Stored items
+ + + + +
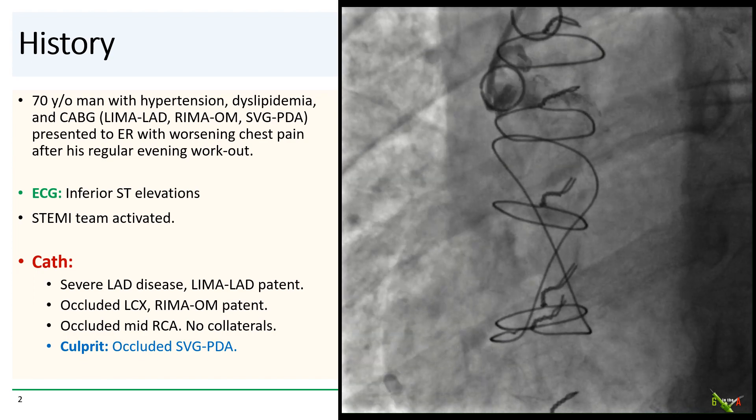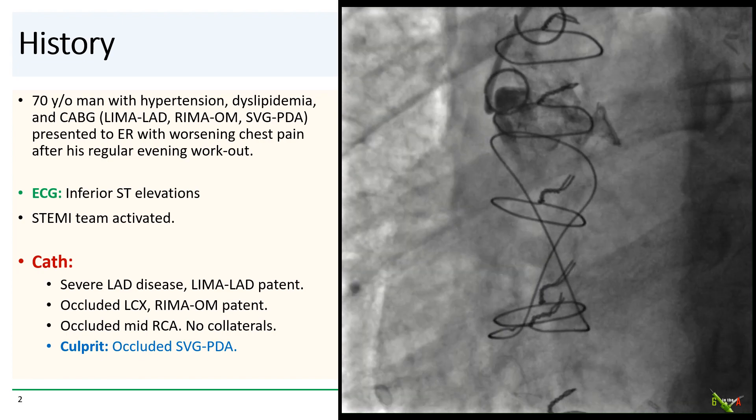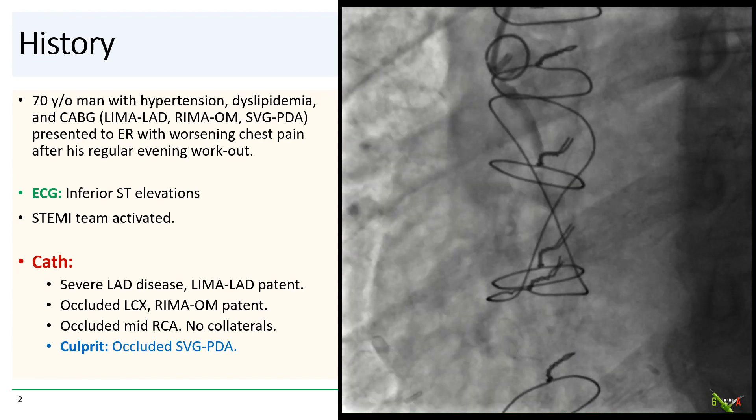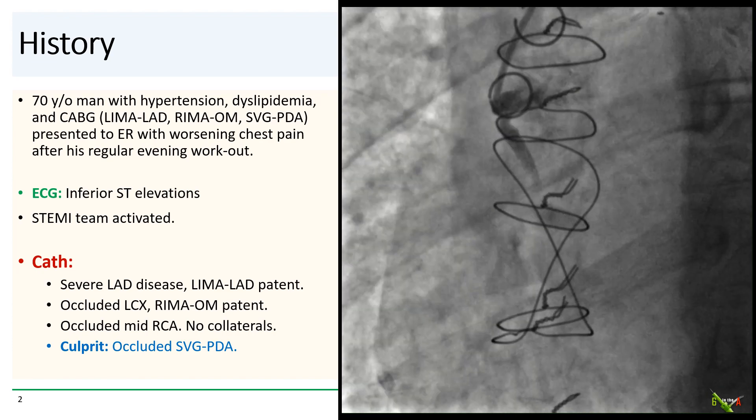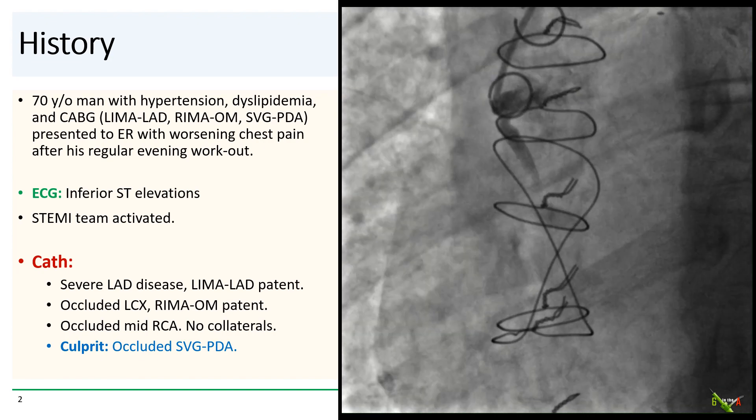On cath, he had severe LAD and circumflex disease, but both the LIMA to the LAD and the RIMA to the OM were widely patent. The native RCA was occluded, and the culprit shown here is the 100% occlusion of the vein graft to the PDA.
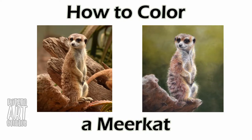Hi fellow artists, my name is Lauren and I am the artist behind Potato Art Studios. In this video I'll be demonstrating how I drew and colored this meerkat with soft pastels and pastel pencils.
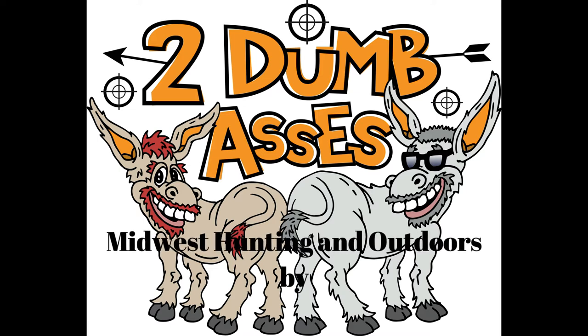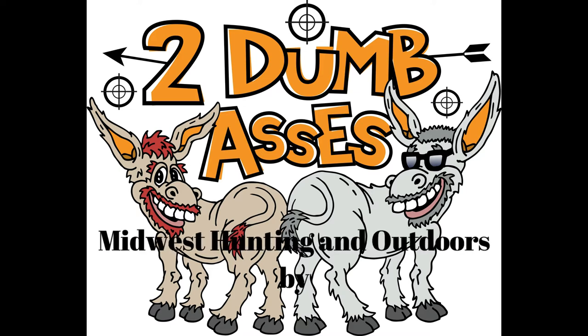Hi, this is Tim and Joel. Welcome to Midwest Hunting and Outdoors by Two Dumb Asses — a podcast about the outdoors, hunting, and being a steward of the land.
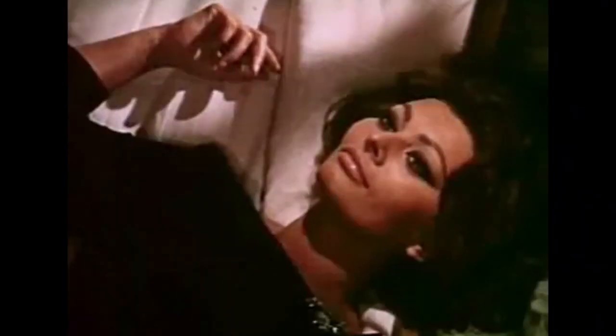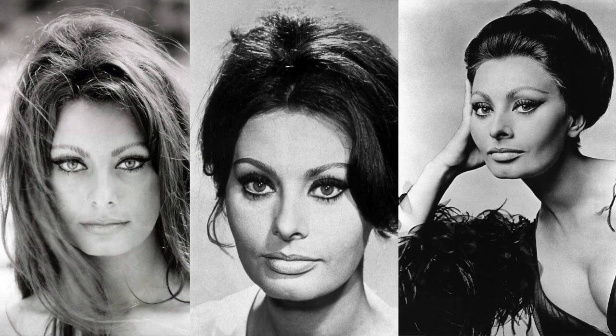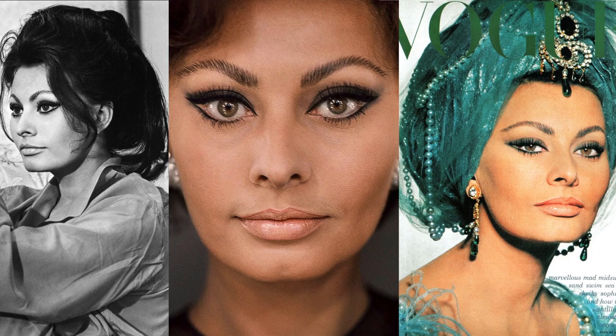Arabesque is Sophia Loren. And the Persian spell she casts on all men. How can you compare muscles with money? Arabesque is Sahara Coleman. And the Persian spell she casts on all men. How can you compare my thoughts with money? Today's look is inspired by the beautiful Italian actress Sophia Loren and her iconic cat eye makeup look from her younger days of acting to her golden age of 70s or 80s. So I hope you guys enjoy.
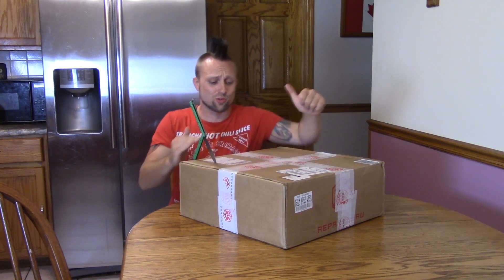What's shaking YouTube? I am so crazy excited because today I got something I've never done on my channel before — today I got my first 3D printer.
+ + + + +
Required action
Please transcribe exactly the part of the records that opens with the line containing "Hi, this is" and closes with the line containing "Arabesque is Sophia", both ends included, and leave out the pictures.

Solution to this task
Hi, this is Tim and Joel. Welcome to Midwest Hunting and Outdoors by Two Dumb Asses — a podcast about the outdoors, hunting, and being a steward of the land.
Arabesque is Sophia Loren. And the Persian spell she casts on all men. How can you compare muscles with money? Arabesque is Sahara Coleman. And the Persian spell she casts on all men. How can you compare my thoughts with money? Today's look is inspired by the beautiful Italian actress Sophia Loren and her iconic cat eye makeup look from her younger days of acting to her golden age of 70s or 80s. So I hope you guys enjoy.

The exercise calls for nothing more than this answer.